# [DATA]
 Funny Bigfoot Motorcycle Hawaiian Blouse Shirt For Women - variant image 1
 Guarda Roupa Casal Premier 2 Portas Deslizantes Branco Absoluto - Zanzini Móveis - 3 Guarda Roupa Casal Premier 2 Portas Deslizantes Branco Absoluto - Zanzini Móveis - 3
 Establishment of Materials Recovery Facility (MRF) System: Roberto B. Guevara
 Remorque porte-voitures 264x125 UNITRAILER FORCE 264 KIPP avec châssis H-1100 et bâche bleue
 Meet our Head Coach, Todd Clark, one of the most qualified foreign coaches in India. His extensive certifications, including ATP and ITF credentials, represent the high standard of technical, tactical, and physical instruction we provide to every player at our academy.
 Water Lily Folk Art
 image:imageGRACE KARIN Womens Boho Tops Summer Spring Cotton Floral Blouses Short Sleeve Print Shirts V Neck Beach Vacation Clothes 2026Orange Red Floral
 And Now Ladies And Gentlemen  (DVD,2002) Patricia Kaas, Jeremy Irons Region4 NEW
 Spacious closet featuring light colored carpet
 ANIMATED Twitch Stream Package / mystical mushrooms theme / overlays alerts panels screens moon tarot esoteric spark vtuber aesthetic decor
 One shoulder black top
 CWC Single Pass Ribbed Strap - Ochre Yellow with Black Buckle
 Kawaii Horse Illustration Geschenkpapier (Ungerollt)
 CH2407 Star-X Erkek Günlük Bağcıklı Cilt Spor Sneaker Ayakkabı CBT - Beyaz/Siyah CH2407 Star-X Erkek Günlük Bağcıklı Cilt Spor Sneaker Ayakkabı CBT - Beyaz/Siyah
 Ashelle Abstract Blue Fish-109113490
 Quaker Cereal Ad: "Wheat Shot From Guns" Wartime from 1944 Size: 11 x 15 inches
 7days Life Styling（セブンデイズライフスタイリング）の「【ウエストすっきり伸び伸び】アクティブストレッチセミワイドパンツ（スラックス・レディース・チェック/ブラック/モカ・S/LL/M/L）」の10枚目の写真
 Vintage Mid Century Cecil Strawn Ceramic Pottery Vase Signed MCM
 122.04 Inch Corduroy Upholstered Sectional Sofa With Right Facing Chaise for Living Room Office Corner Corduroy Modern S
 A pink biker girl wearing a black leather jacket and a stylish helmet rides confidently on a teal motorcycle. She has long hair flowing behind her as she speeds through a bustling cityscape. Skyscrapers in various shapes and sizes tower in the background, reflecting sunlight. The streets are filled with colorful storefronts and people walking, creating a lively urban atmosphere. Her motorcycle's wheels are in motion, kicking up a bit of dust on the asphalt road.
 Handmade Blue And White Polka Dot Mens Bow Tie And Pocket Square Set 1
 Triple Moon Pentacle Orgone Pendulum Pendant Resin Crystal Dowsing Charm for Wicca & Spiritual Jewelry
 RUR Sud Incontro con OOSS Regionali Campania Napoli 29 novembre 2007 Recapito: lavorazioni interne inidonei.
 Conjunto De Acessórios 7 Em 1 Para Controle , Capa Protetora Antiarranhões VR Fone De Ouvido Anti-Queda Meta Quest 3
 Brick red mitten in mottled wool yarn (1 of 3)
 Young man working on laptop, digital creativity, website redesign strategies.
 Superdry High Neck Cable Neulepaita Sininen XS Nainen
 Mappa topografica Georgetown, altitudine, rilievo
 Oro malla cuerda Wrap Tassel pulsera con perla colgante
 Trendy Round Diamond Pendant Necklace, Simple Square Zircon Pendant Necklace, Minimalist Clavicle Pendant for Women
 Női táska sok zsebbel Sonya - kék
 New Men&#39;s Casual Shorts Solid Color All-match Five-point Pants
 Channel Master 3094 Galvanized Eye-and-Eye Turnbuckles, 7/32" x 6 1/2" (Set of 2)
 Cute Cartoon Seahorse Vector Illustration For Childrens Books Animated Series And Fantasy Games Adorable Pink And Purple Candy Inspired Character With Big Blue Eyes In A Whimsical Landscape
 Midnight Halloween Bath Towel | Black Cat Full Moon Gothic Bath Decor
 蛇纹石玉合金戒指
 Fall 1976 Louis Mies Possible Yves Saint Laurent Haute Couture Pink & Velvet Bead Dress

# [YOUR GOAL]
Could you retype every line of the data exactly?

# [YOUR SOLUTION]
 Funny Bigfoot Motorcycle Hawaiian Blouse Shirt For Women - variant image 1
 Guarda Roupa Casal Premier 2 Portas Deslizantes Branco Absoluto - Zanzini Móveis - 3 Guarda Roupa Casal Premier 2 Portas Deslizantes Branco Absoluto - Zanzini Móveis - 3
 Establishment of Materials Recovery Facility (MRF) System: Roberto B. Guevara
 Remorque porte-voitures 264x125 UNITRAILER FORCE 264 KIPP avec châssis H-1100 et bâche bleue
 Meet our Head Coach, Todd Clark, one of the most qualified foreign coaches in India. His extensive certifications, including ATP and ITF credentials, represent the high standard of technical, tactical, and physical instruction we provide to every player at our academy.
 Water Lily Folk Art
 image:imageGRACE KARIN Womens Boho Tops Summer Spring Cotton Floral Blouses Short Sleeve Print Shirts V Neck Beach Vacation Clothes 2026Orange Red Floral
 And Now Ladies And Gentlemen  (DVD,2002) Patricia Kaas, Jeremy Irons Region4 NEW
 Spacious closet featuring light colored carpet
 ANIMATED Twitch Stream Package / mystical mushrooms theme / overlays alerts panels screens moon tarot esoteric spark vtuber aesthetic decor
 One shoulder black top
 CWC Single Pass Ribbed Strap - Ochre Yellow with Black Buckle
 Kawaii Horse Illustration Geschenkpapier (Ungerollt)
 CH2407 Star-X Erkek Günlük Bağcıklı Cilt Spor Sneaker Ayakkabı CBT - Beyaz/Siyah CH2407 Star-X Erkek Günlük Bağcıklı Cilt Spor Sneaker Ayakkabı CBT - Beyaz/Siyah
 Ashelle Abstract Blue Fish-109113490
 Quaker Cereal Ad: "Wheat Shot From Guns" Wartime from 1944 Size: 11 x 15 inches
 7days Life Styling（セブンデイズライフスタイリング）の「【ウエストすっきり伸び伸び】アクティブストレッチセミワイドパンツ（スラックス・レディース・チェック/ブラック/モカ・S/LL/M/L）」の10枚目の写真
 Vintage Mid Century Cecil Strawn Ceramic Pottery Vase Signed MCM
 122.04 Inch Corduroy Upholstered Sectional Sofa With Right Facing Chaise for Living Room Office Corner Corduroy Modern S
 A pink biker girl wearing a black leather jacket and a stylish helmet rides confidently on a teal motorcycle. She has long hair flowing behind her as she speeds through a bustling cityscape. Skyscrapers in various shapes and sizes tower in the background, reflecting sunlight. The streets are filled with colorful storefronts and people walking, creating a lively urban atmosphere. Her motorcycle's wheels are in motion, kicking up a bit of dust on the asphalt road.
 Handmade Blue And White Polka Dot Mens Bow Tie And Pocket Square Set 1
 Triple Moon Pentacle Orgone Pendulum Pendant Resin Crystal Dowsing Charm for Wicca & Spiritual Jewelry
 RUR Sud Incontro con OOSS Regionali Campania Napoli 29 novembre 2007 Recapito: lavorazioni interne inidonei.
 Conjunto De Acessórios 7 Em 1 Para Controle , Capa Protetora Antiarranhões VR Fone De Ouvido Anti-Queda Meta Quest 3
 Brick red mitten in mottled wool yarn (1 of 3)
 Young man working on laptop, digital creativity, website redesign strategies.
 Superdry High Neck Cable Neulepaita Sininen XS Nainen
 Mappa topografica Georgetown, altitudine, rilievo
 Oro malla cuerda Wrap Tassel pulsera con perla colgante
 Trendy Round Diamond Pendant Necklace, Simple Square Zircon Pendant Necklace, Minimalist Clavicle Pendant for Women
 Női táska sok zsebbel Sonya - kék
 New Men&#39;s Casual Shorts Solid Color All-match Five-point Pants
 Channel Master 3094 Galvanized Eye-and-Eye Turnbuckles, 7/32" x 6 1/2" (Set of 2)
 Cute Cartoon Seahorse Vector Illustration For Childrens Books Animated Series And Fantasy Games Adorable Pink And Purple Candy Inspired Character With Big Blue Eyes In A Whimsical Landscape
 Midnight Halloween Bath Towel | Black Cat Full Moon Gothic Bath Decor
 蛇纹石玉合金戒指
 Fall 1976 Louis Mies Possible Yves Saint Laurent Haute Couture Pink & Velvet Bead Dress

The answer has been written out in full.